─── SUPPLIED INFORMATION ───

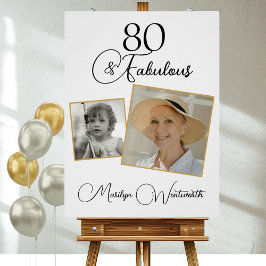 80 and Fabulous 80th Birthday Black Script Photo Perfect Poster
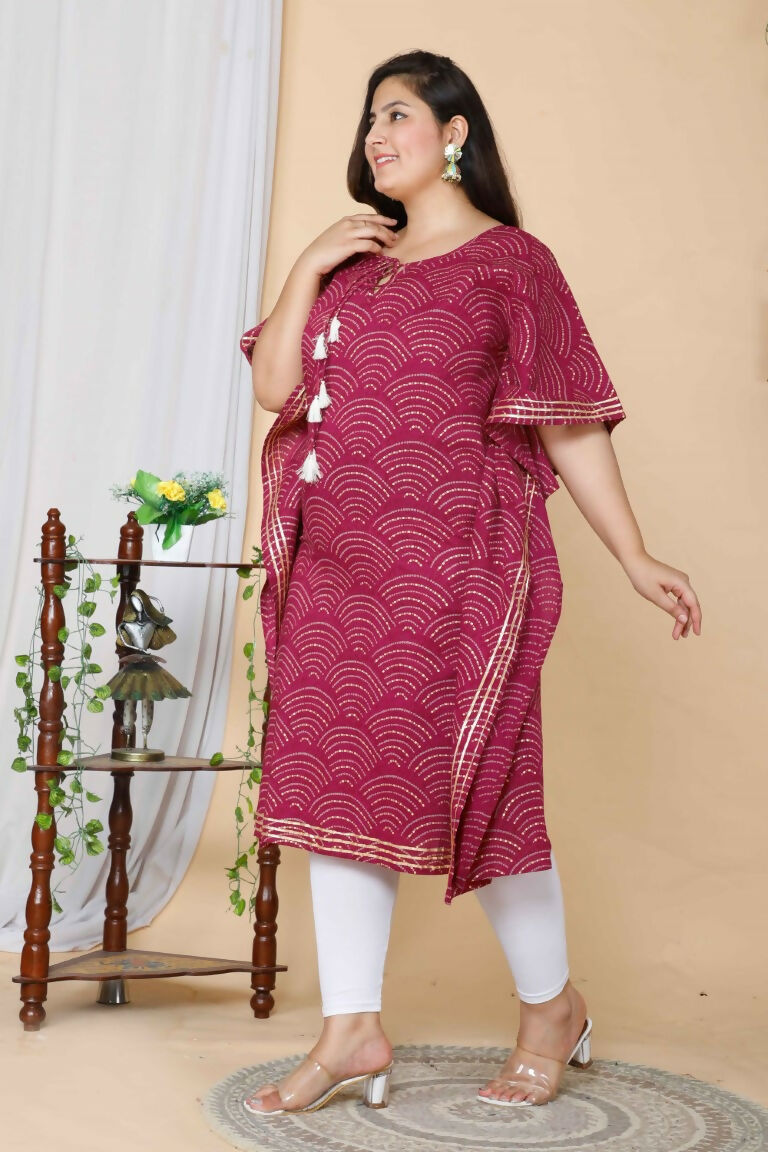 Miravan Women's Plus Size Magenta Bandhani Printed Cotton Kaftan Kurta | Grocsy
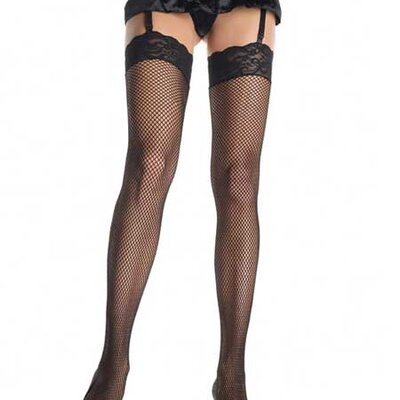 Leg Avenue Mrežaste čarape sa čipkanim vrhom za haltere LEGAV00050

───
─── SUPPLIED INFORMATION ───

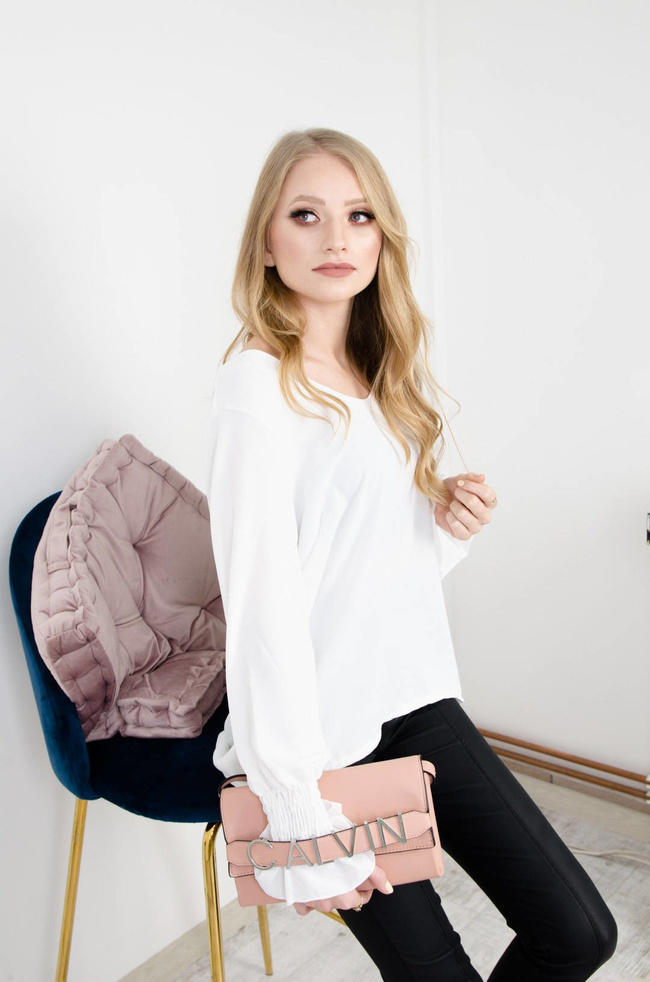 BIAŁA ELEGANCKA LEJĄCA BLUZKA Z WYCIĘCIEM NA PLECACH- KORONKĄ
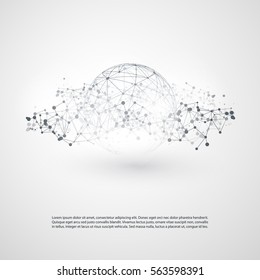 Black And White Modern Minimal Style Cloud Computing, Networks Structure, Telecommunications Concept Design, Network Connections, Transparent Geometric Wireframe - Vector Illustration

───

* [ACTIVITY]: Both the line above containing "80 and Fabulous" and the line containing "Leg Avenue Mrežaste" belong in the copy, along with every line between them; print these exactly and omit the pictures.

* [RESULT BELOW]:
 80 and Fabulous 80th Birthday Black Script Photo Perfect Poster
 Miravan Women's Plus Size Magenta Bandhani Printed Cotton Kaftan Kurta | Grocsy
 Leg Avenue Mrežaste čarape sa čipkanim vrhom za haltere LEGAV00050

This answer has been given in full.